» Task statement
Wherever a picture appears, leave it out; set down everything else in the records exactly.

» Records
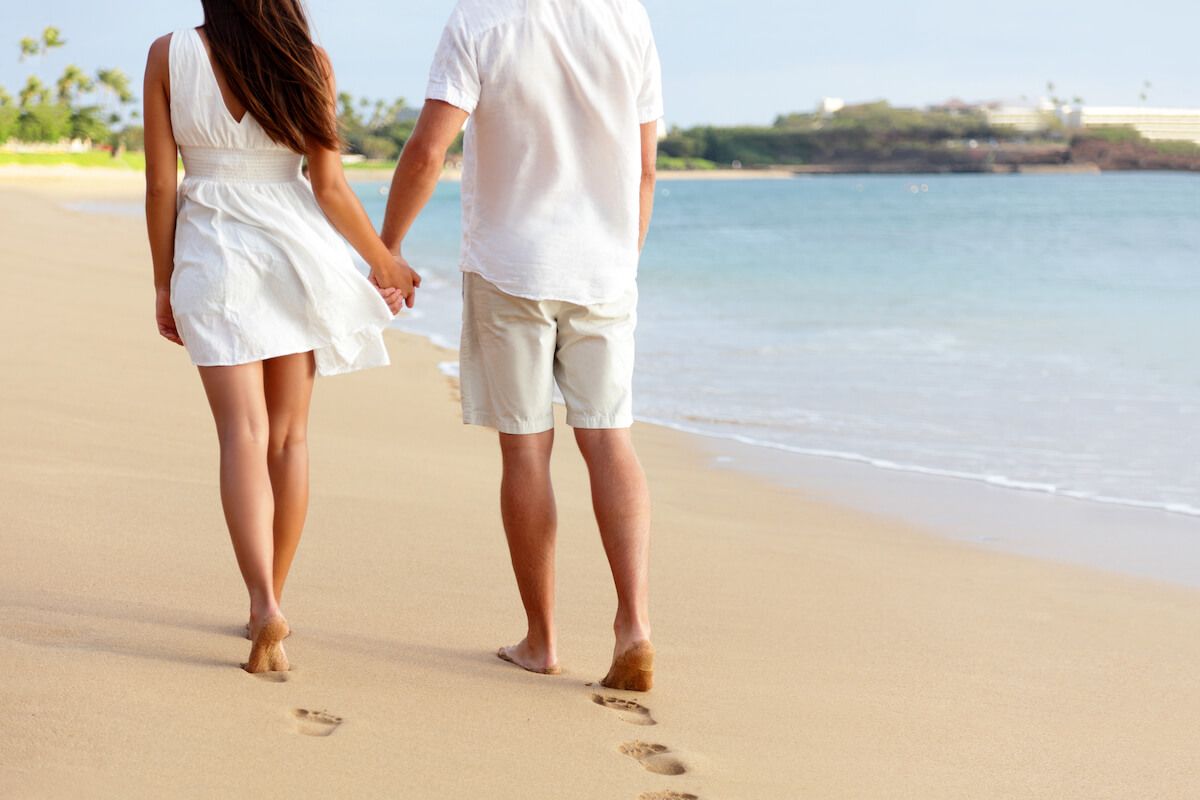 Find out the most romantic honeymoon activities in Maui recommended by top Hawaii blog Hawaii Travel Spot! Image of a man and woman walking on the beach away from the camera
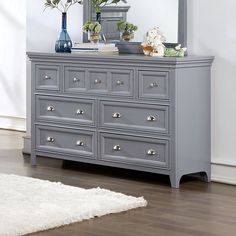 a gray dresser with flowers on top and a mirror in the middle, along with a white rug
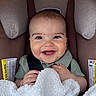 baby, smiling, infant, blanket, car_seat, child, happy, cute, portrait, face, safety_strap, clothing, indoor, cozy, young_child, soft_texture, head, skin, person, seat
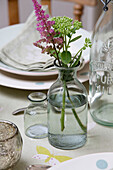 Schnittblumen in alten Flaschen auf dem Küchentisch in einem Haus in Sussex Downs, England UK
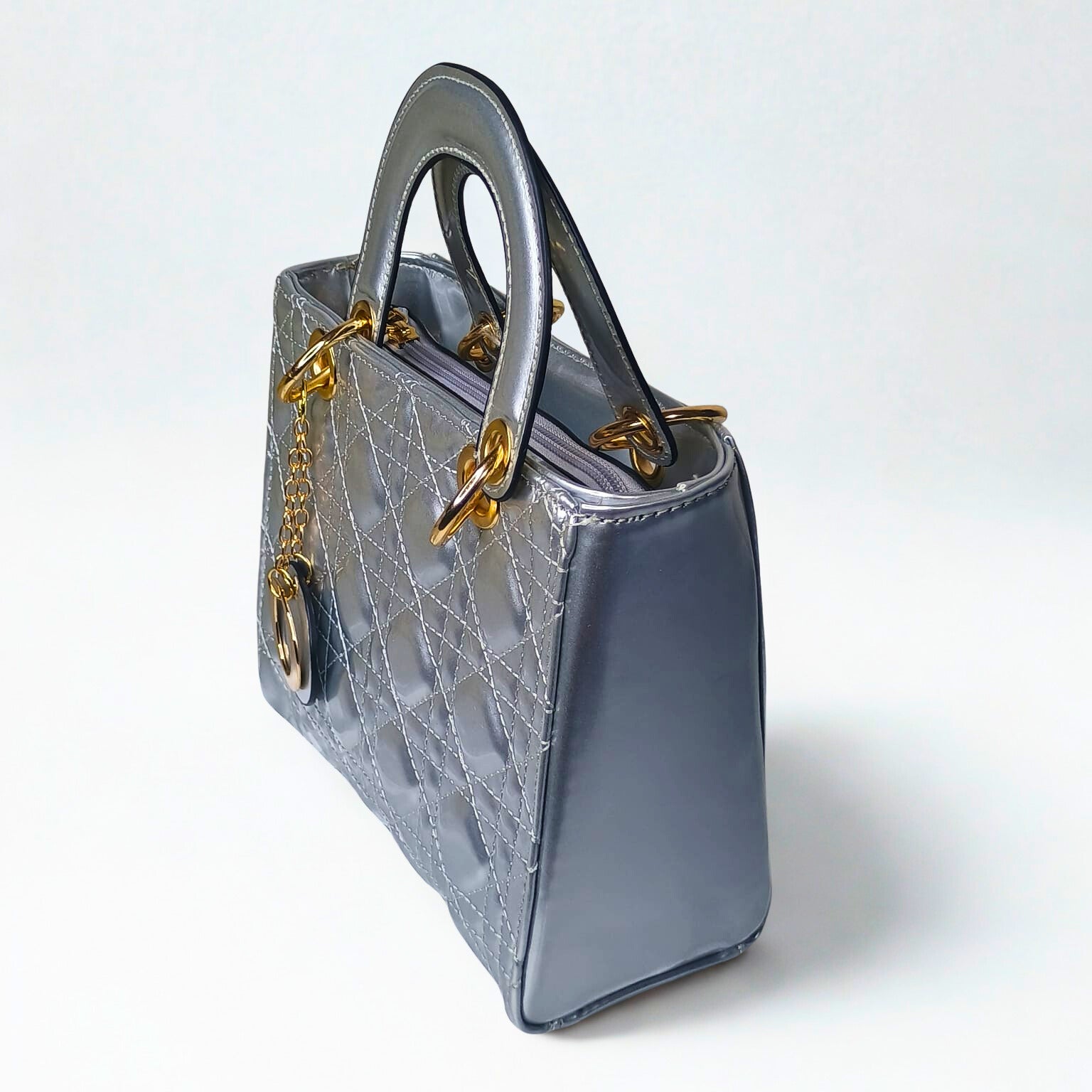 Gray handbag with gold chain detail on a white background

» Exercise solution
 Find out the most romantic honeymoon activities in Maui recommended by top Hawaii blog Hawaii Travel Spot! Image of a man and woman walking on the beach away from the camera
 a gray dresser with flowers on top and a mirror in the middle, along with a white rug
 baby, smiling, infant, blanket, car_seat, child, happy, cute, portrait, face, safety_strap, clothing, indoor, cozy, young_child, soft_texture, head, skin, person, seat
 Schnittblumen in alten Flaschen auf dem Küchentisch in einem Haus in Sussex Downs, England UK
 Gray handbag with gold chain detail on a white background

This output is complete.